The listing below contains a span that opens with the line containing "ilustração de mulher" and closes with the line containing "Teal Agate Print". Return that span exactly.

====== Records to process

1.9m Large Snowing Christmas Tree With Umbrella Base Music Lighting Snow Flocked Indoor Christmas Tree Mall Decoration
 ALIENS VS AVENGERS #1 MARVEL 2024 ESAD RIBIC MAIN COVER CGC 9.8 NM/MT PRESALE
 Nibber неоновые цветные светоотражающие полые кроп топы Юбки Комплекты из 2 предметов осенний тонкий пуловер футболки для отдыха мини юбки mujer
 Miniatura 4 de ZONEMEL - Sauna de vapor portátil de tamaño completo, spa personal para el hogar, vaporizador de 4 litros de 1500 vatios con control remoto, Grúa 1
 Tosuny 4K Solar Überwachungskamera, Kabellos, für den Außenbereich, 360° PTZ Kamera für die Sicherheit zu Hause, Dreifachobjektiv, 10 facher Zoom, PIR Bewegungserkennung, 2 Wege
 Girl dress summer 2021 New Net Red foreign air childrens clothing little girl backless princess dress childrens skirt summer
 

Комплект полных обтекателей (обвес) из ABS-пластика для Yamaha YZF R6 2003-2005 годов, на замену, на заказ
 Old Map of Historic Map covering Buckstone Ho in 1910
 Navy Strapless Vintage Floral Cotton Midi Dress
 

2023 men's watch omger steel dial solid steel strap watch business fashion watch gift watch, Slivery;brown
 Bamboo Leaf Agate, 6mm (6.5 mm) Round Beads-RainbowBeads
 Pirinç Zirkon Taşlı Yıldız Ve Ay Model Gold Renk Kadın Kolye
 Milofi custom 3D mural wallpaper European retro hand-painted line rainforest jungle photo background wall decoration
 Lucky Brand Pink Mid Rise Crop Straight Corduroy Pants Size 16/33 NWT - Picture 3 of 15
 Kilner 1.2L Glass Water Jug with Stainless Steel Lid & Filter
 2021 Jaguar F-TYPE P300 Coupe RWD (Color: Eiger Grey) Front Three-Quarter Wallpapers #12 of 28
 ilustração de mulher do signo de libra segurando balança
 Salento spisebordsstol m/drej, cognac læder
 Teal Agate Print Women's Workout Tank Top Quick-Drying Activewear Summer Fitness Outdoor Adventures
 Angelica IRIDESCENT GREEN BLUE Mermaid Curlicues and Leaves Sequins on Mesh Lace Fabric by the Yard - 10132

============

**Result for this exercise:**
 ilustração de mulher do signo de libra segurando balança
 Salento spisebordsstol m/drej, cognac læder
 Teal Agate Print Women's Workout Tank Top Quick-Drying Activewear Summer Fitness Outdoor Adventures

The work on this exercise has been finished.